# EXERCISE BRIEF
Could you set down the lines from the first line of the entries below through the line with "Anchoring system for a medical article", exactly and with no pictures?

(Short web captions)
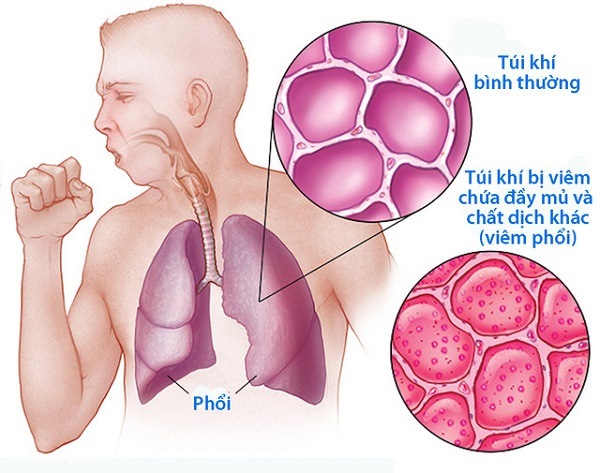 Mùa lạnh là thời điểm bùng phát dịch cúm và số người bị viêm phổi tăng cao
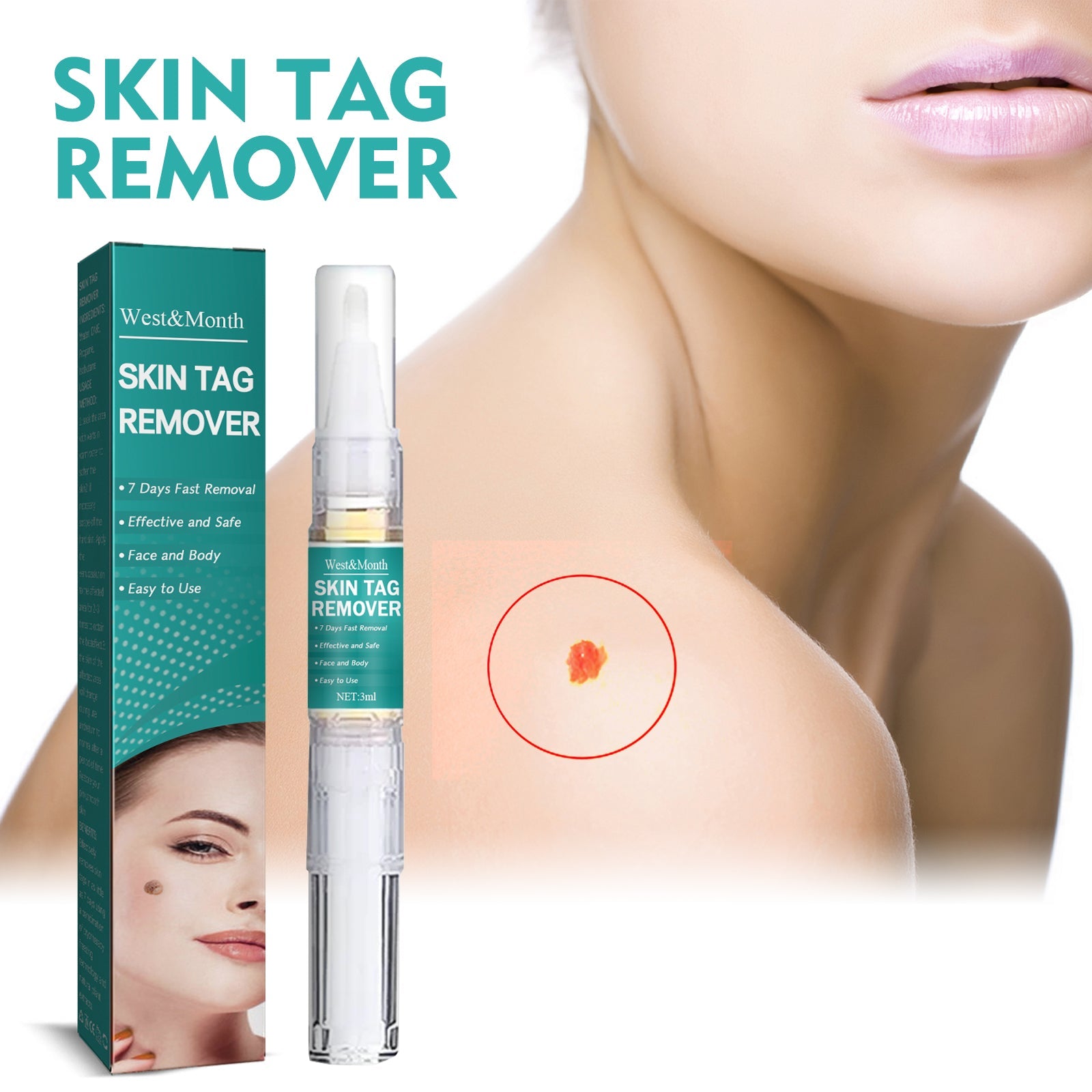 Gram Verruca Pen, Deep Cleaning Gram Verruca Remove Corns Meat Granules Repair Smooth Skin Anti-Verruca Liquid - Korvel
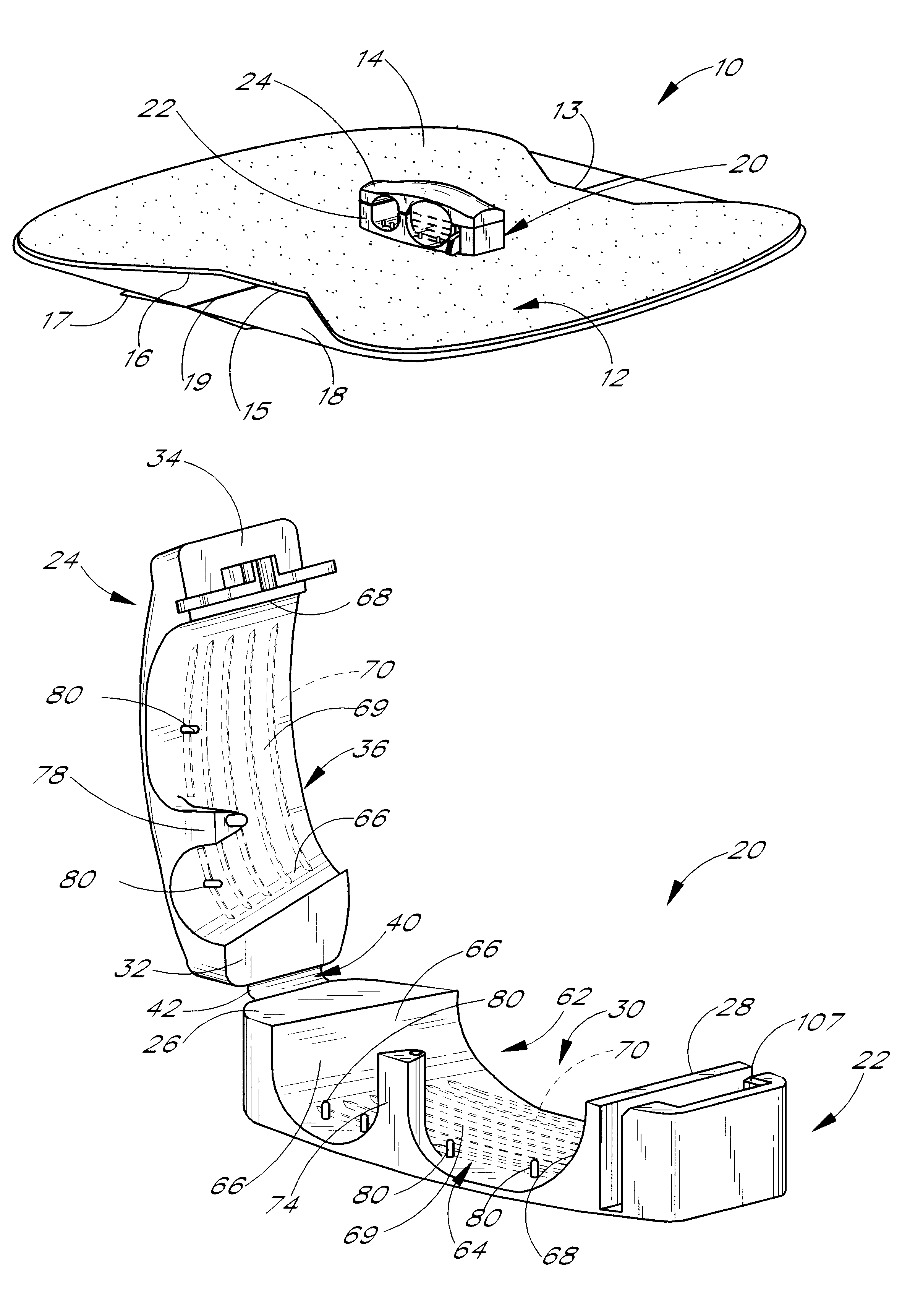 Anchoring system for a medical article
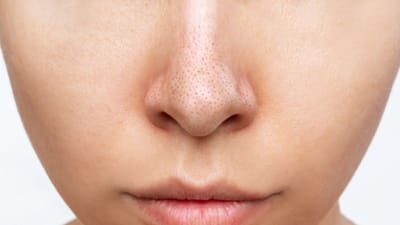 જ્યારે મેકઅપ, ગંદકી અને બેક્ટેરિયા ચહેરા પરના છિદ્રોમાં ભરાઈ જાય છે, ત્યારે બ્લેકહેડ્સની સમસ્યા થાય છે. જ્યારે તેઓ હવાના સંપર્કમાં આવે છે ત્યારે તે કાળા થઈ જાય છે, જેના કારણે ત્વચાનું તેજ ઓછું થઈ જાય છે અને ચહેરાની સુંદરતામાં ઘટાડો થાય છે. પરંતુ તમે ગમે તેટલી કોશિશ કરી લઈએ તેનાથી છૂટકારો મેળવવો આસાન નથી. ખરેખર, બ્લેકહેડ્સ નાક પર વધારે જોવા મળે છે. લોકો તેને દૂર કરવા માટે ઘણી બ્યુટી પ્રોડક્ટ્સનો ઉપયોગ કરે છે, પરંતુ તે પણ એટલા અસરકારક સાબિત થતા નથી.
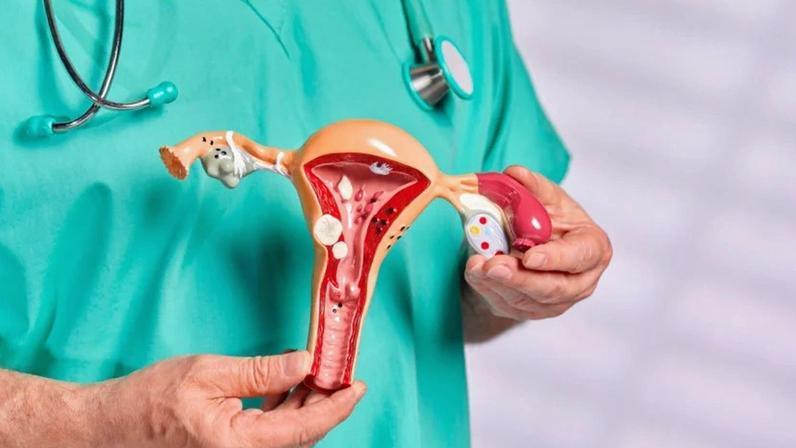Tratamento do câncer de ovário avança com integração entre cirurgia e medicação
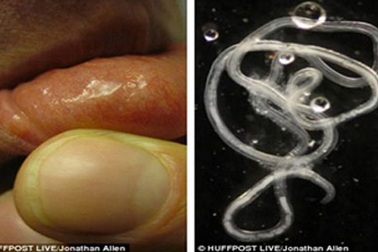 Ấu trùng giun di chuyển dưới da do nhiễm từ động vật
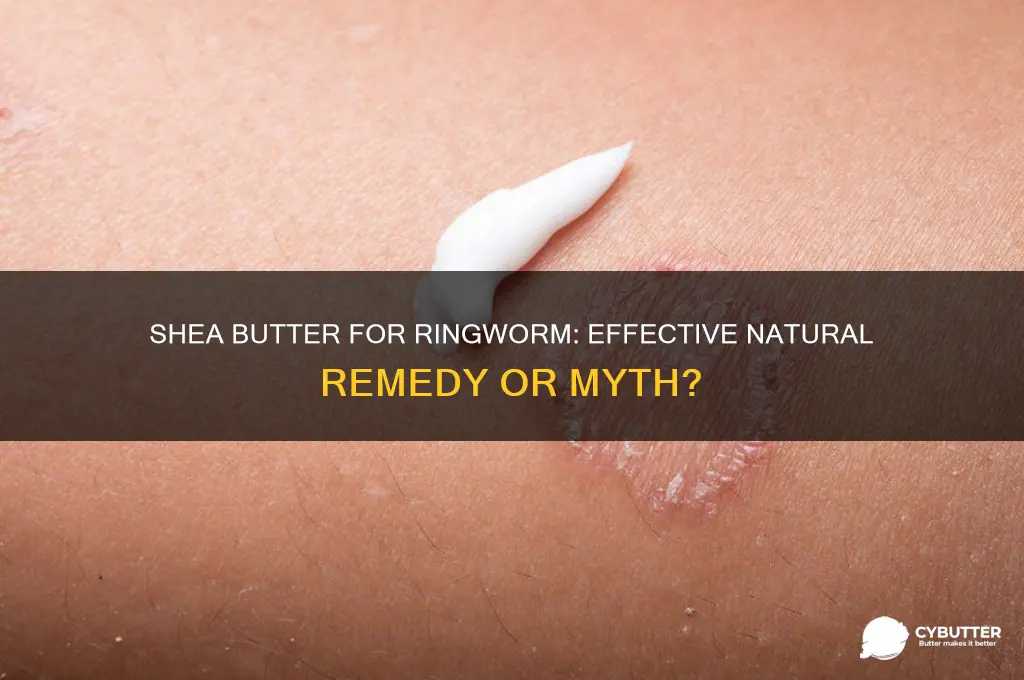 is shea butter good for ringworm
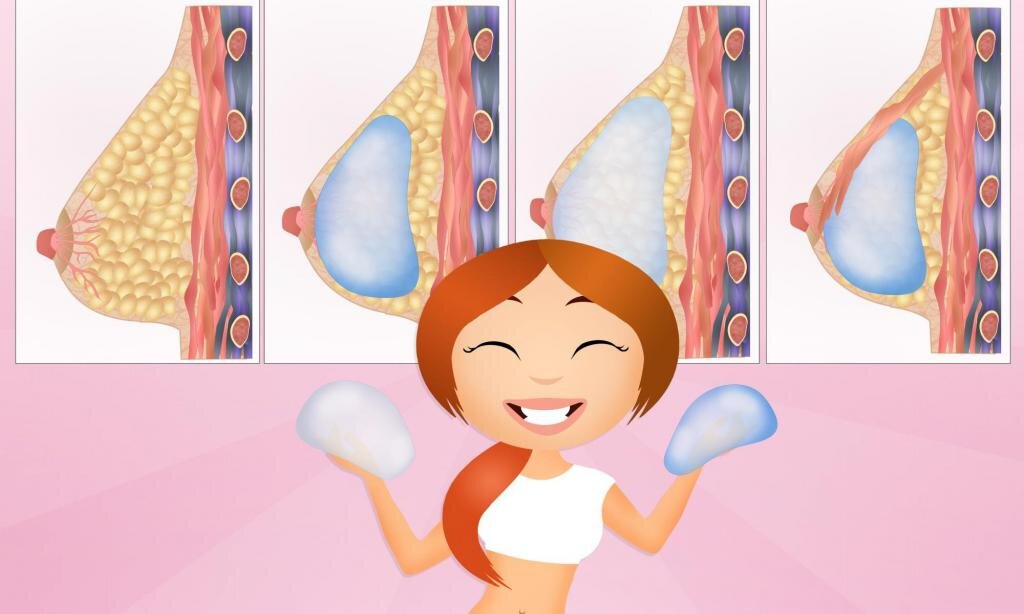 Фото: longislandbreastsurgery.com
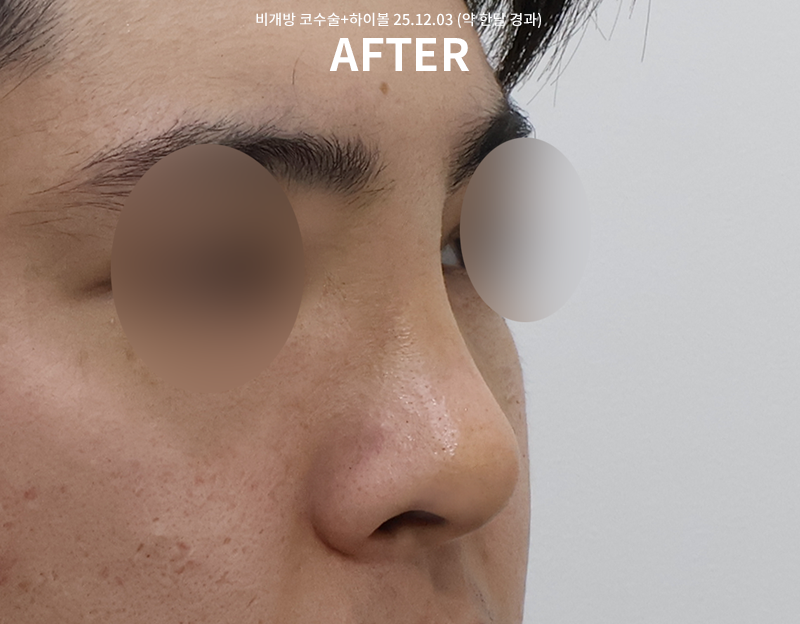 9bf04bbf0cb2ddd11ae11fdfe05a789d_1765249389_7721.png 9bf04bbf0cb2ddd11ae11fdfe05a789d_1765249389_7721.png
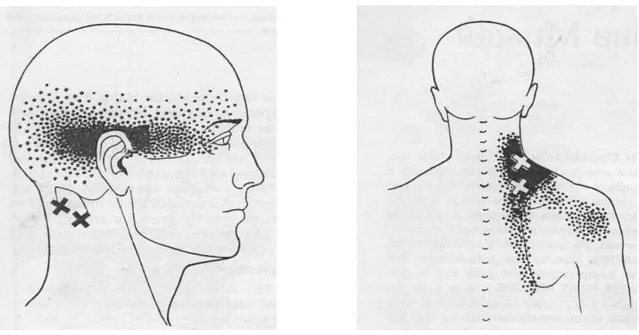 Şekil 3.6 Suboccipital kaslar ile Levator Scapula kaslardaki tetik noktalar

# WRITTEN REPLY
 Mùa lạnh là thời điểm bùng phát dịch cúm và số người bị viêm phổi tăng cao
 Gram Verruca Pen, Deep Cleaning Gram Verruca Remove Corns Meat Granules Repair Smooth Skin Anti-Verruca Liquid - Korvel
 Anchoring system for a medical article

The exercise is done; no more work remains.